Artificial intelligence milestone -Polaris computer begins beating human poker champions

The Second Man-Machine Poker Competition has computers from the University of Alberta playing some of the biggest names in the online poker world: Nick “stoxtrader” Grudzien, Matt “Hoss_TBF” Hawrilenko, and IJay “doughnutz” Palansky.

On July 6, 2008 Polaris completed a come-from-behind victory by posting a decisive win against Matt Hawrilenko and IJay Palansky. Polaris won both sides of the duplicate match to win convincingly.

The results are here


Match Player.........Amount Won Player........ Amount Won Difference Result
Live 1 Nick Grudzien -$42000..... Kyle Hendon... +$37000 ...-$5000... Draw
Live 2 Rich McRoberts +$89500.... Victor Acosta. -$39500 ..+$50000... Humans Win
Live 3 Mark Newhouse +$251500.... IJay Palansky. -$307500 .-$56000... Polaris Wins
Live 4 Matt Hawrilenko -$60500... IJay Palansky. -$29000 ..-$89500... Polaris Wins

It was just in April 2008 that a computer started to become competitive with humans in 9X9 Go.

Checkers (8X8) was weakly solved April 2007 by the University of Alberta They are the same group that built the Polaris poker bot

Eetimes reports, the University of Alberta group said it expects to be asked for rematches by the vanquished pros as well as by other poker experts who will claim the win by Polaris was a fluke. “Even after Deep Blue beat Kasparov, there were still some skeptics, and I think the same is true here,” said Bowling. “Over the next year or so there are going to have to be several rematches before everyone is convinced that humans have been surpassed by machines in poker.”

Bowling’s group plans to expand Polaris beyond its current limitations, enabling it to play more complicated poker games than its current heads-up, hold-em version.
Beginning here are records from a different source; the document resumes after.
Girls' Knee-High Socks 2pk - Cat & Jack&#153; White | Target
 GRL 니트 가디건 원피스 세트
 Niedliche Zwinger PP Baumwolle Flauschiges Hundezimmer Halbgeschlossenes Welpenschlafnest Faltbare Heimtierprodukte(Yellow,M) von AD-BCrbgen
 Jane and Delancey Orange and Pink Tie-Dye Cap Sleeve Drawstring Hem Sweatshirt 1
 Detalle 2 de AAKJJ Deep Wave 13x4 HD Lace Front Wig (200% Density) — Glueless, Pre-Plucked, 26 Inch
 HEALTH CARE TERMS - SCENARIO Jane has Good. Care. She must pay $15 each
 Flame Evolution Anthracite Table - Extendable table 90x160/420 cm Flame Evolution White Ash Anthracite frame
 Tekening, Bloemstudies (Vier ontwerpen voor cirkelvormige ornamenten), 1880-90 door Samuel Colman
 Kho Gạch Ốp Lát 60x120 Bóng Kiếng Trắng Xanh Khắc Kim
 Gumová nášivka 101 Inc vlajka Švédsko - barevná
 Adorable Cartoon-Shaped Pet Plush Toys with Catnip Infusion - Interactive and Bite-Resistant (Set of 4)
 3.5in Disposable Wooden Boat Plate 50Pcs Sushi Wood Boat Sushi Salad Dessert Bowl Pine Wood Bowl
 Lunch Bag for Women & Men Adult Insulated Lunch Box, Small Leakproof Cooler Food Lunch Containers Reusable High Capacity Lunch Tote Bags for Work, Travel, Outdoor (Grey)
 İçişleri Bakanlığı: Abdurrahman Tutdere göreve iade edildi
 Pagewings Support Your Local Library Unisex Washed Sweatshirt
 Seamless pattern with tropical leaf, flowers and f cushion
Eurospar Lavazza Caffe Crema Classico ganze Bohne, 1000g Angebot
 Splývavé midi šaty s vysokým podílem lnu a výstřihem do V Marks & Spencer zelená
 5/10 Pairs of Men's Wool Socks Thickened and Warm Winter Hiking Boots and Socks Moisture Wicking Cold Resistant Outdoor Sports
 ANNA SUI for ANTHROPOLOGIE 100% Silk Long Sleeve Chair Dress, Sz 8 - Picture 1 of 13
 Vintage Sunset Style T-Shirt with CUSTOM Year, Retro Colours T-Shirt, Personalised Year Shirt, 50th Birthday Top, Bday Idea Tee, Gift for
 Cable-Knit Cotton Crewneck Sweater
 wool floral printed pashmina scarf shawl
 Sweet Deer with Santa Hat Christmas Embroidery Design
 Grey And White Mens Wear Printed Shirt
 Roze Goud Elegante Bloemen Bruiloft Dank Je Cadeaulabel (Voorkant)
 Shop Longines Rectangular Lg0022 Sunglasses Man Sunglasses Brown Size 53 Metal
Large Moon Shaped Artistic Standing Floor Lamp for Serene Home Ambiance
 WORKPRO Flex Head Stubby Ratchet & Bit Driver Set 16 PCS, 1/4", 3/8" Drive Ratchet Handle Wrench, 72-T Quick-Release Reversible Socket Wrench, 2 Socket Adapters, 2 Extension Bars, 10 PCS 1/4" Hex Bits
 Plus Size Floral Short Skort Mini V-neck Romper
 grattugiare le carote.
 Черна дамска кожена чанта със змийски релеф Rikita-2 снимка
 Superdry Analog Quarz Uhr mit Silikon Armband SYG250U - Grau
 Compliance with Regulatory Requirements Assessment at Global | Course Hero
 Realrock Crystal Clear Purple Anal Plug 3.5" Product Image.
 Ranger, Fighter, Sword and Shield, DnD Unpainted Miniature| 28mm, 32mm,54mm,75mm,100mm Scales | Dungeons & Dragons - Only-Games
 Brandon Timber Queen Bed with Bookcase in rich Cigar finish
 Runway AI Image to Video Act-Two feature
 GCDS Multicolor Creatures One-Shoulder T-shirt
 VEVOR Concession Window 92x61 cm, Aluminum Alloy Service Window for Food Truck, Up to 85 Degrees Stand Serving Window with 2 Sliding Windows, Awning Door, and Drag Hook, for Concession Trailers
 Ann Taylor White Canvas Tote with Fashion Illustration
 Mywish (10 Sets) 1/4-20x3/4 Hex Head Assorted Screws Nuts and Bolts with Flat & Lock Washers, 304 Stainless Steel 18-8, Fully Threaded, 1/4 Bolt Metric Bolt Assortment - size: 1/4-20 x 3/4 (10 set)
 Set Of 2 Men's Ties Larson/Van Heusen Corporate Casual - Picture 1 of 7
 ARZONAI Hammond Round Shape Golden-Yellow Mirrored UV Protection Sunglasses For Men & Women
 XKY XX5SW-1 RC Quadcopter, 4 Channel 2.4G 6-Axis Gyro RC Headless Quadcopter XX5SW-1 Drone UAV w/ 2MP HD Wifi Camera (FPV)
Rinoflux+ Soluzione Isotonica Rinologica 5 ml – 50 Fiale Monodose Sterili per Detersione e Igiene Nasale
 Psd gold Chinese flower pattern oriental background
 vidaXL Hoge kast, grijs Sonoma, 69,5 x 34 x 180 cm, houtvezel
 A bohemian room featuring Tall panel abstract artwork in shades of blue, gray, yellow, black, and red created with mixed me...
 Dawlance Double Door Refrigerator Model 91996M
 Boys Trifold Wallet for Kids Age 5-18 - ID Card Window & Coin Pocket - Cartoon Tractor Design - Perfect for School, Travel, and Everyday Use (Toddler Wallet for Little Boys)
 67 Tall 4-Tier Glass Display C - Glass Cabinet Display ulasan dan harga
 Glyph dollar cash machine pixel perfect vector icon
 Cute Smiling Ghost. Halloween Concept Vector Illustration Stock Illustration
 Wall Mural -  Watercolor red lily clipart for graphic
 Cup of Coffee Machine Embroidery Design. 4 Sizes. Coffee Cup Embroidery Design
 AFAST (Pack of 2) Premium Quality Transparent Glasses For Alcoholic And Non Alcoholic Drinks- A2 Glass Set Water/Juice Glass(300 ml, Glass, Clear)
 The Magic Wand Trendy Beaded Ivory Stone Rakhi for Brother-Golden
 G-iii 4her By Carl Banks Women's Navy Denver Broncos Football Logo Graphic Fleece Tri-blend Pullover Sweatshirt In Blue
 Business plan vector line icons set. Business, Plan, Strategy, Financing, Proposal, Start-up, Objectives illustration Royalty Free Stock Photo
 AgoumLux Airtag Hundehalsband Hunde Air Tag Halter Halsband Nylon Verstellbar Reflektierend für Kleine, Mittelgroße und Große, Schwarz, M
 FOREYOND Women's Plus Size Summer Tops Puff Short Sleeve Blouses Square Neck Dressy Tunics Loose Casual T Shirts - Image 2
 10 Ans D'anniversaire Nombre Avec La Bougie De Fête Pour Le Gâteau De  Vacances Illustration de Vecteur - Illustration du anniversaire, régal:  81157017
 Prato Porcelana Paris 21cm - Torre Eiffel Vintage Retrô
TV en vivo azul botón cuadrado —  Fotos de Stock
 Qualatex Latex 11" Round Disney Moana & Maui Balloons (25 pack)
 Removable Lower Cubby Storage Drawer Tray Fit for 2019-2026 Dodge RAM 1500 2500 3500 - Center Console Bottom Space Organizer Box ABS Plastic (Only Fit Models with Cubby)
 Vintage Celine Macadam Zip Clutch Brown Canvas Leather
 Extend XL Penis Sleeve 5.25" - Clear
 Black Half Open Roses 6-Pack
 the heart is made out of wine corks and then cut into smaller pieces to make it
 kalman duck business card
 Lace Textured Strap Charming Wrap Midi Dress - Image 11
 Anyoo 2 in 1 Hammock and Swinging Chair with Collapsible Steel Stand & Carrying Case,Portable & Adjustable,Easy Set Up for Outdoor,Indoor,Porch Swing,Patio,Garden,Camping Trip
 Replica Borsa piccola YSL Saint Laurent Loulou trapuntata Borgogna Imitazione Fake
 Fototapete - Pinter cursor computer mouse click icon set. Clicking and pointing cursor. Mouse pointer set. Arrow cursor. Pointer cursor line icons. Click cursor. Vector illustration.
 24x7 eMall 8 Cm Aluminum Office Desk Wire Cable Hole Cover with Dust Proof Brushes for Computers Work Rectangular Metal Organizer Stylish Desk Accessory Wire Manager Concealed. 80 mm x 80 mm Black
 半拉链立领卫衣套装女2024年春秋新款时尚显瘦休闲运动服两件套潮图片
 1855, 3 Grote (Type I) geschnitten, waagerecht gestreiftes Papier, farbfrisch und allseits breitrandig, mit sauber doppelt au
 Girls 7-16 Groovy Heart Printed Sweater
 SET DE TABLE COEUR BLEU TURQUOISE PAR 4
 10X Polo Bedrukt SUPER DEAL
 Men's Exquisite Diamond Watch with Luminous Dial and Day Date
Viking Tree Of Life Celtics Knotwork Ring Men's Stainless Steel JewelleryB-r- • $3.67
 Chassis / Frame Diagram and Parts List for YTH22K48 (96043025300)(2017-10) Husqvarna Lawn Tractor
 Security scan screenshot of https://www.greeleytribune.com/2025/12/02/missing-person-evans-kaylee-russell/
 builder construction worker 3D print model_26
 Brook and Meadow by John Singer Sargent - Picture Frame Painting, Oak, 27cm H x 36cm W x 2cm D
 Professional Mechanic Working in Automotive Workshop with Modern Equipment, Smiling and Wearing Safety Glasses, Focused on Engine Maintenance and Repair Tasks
They also plan to expand efforts to apply the poker-playing algorithms to useful applications.

“The techniques we are devising have broad applications outside of poker,” said Bowling. “For instance, wireless sensor networks are exploring one of our poker-like algorithms to lay out sensors in buildings in a way that yields better understanding of how heat flow patterns affect efficiency.”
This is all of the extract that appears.